▶ _Records for this exercise_
+++

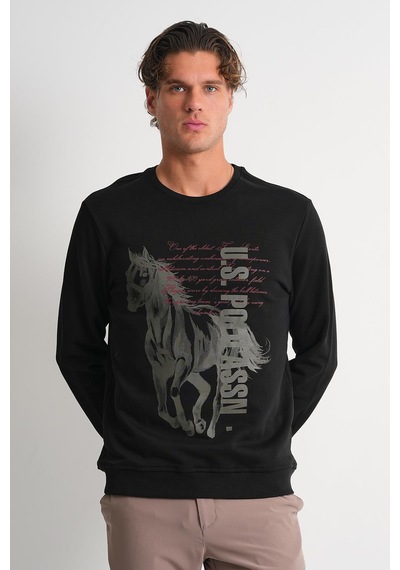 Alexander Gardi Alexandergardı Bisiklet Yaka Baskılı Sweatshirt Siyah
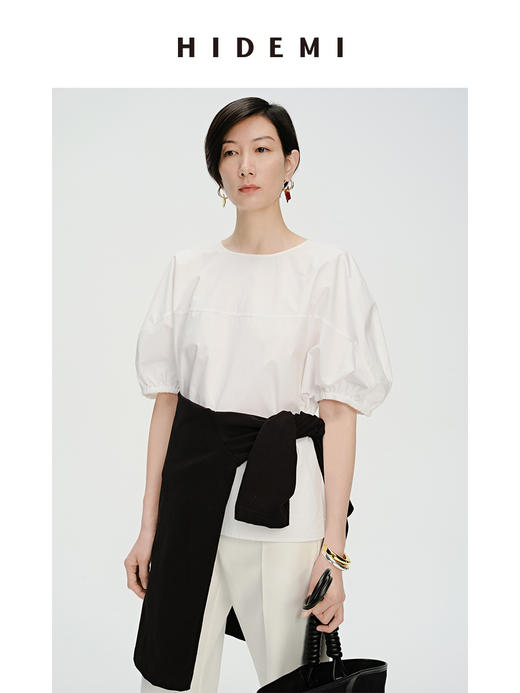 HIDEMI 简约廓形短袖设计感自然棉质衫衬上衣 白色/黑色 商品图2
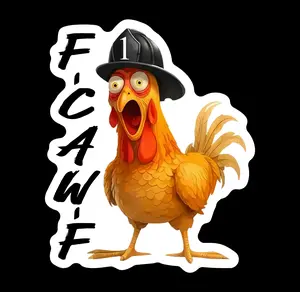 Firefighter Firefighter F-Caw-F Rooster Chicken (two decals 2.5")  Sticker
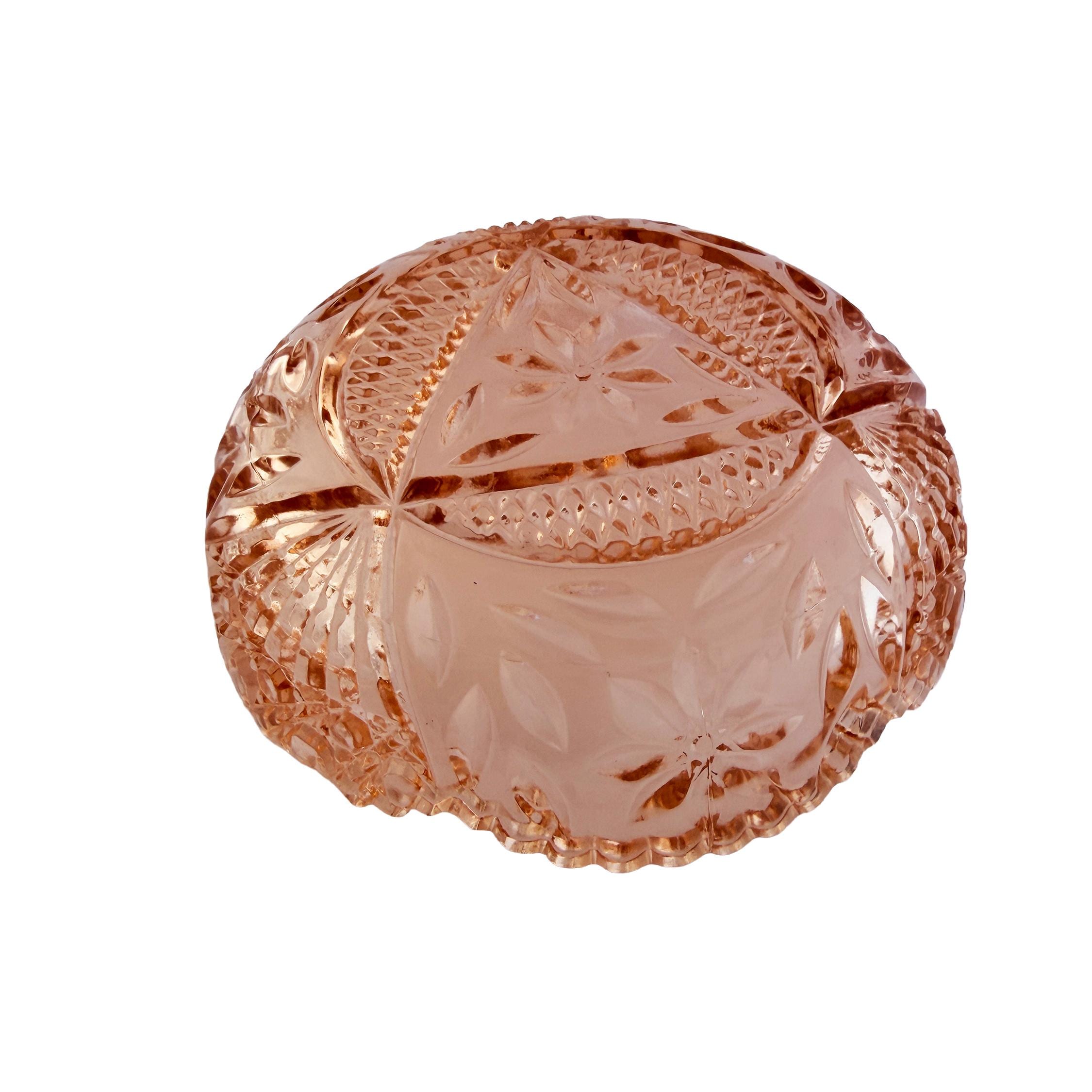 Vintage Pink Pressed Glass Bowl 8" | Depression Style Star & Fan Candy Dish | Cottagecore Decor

+++

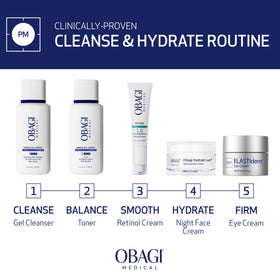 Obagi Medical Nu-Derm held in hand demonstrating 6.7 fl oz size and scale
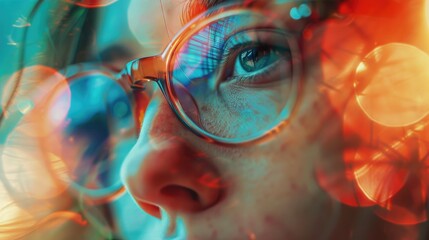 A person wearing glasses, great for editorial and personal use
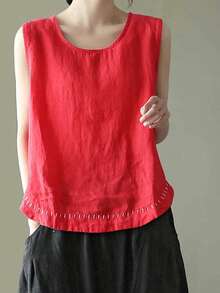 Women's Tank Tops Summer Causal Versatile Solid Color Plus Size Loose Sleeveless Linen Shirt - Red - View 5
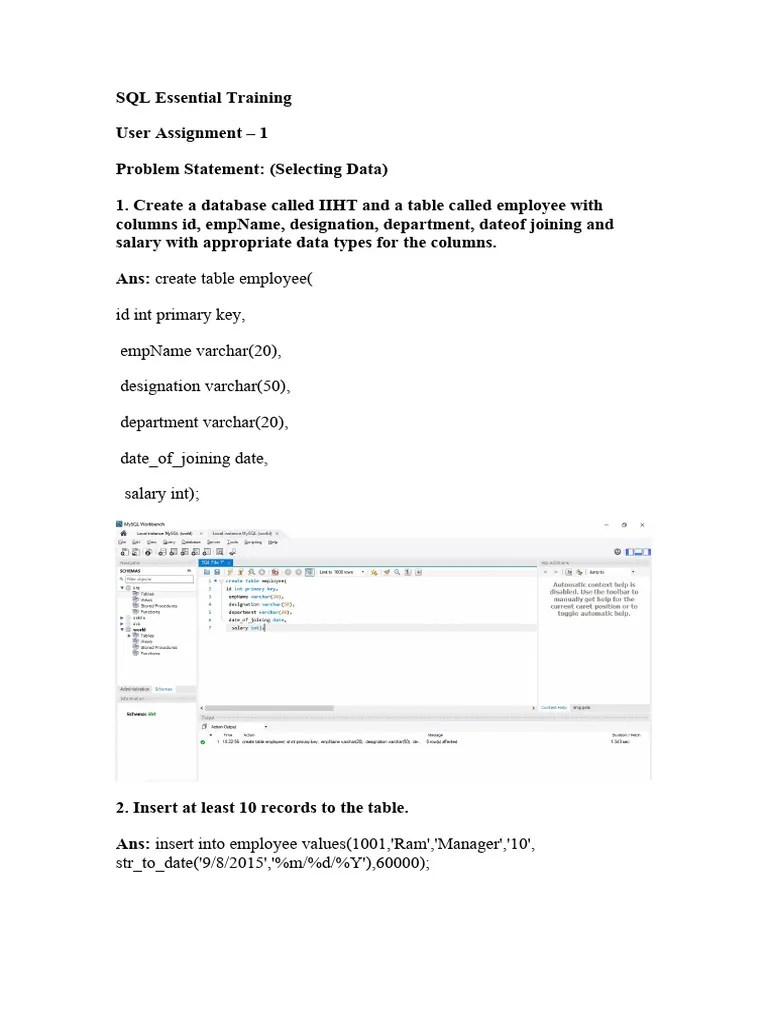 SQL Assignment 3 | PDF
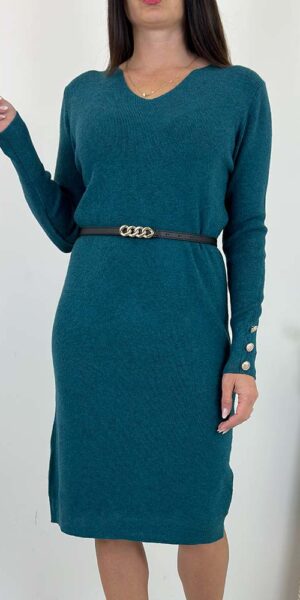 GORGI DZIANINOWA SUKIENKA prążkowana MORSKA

+++

▶ _Exercise_
Excluding any pictures, print exactly the lines of the listing above from the line with "SQL Assignment 3 | PDF" to the line with "GORGI DZIANINOWA SUKIENKA prążkowana MORSKA", both ends included.

▶ _Response to the exercise_
 SQL Assignment 3 | PDF
 GORGI DZIANINOWA SUKIENKA prążkowana MORSKA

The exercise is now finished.